All along, the only question was how bad the final legislation was going to be.

On Thursday morning, as part of the latest push to get something across the finish line, the White House unveiled a revised framework, with $1.75 trillion in new spending (plus an additional $100 billion if they can squeeze in immigration), which they seek to offset mostly by tax hikes.

One general way to think about the current Democratic proposal from a limited-government perspective is that while more federal spending is bad, not all spending is equally destructive in the long term.

When Democrats blow through money over a short period of time, it is less bad than anything that would create a permanent new entitlement.

And one silver lining of the current proposal is that, in order to trim the cost, many of the provisions expire within a few years, meaning that there will be a chance to unravel them with Republicans in charge.

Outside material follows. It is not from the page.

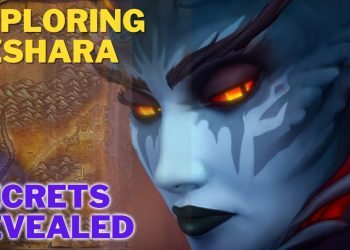 Azshara Secrets - 'Worst quest in WoW'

To be sure, I have no faith in Republicans ever actively repealing government programs. But I have some glimmer of hope that if Republicans were in the majority, they would allow some of Biden’s signature legislative achievements to expire by simply doing nothing.

So, with that as prologue, I offer the following take on the current framework, which I divide into two categories: The Bad and The Ugly.

The Bad

Noticeably absent in the current framework is any sort of effort to reduce carbon emissions. Instead, the climate part of the bill is focused on $555 billion in clean-energy investments.

This might be the least-pernicious part of the bill, because it mostly blows a lot of money on encouraging clean energy, divided into tax credits, spending on “resilience,” subsidies for manufacturing such as on solar and batteries, and money for the government to purchase greener technologies, such as “clean construction materials.”

In a nod to FDR, it also includes a Civilian Climate Corps that would employ thousands of young people to work on climate change mitigation projects.

Again, none of this would be described as conservative legislating, but I’d much rather have lots of Solyndras than another Obamacare.

The bill would also extend the policy that provided families with up to $3,600 per year per child. Advertised as a child tax credit (but effectively, a monthly welfare payment), it was passed as part of the earlier $1.9 trillion spending package and liberals have been pushing to extend it.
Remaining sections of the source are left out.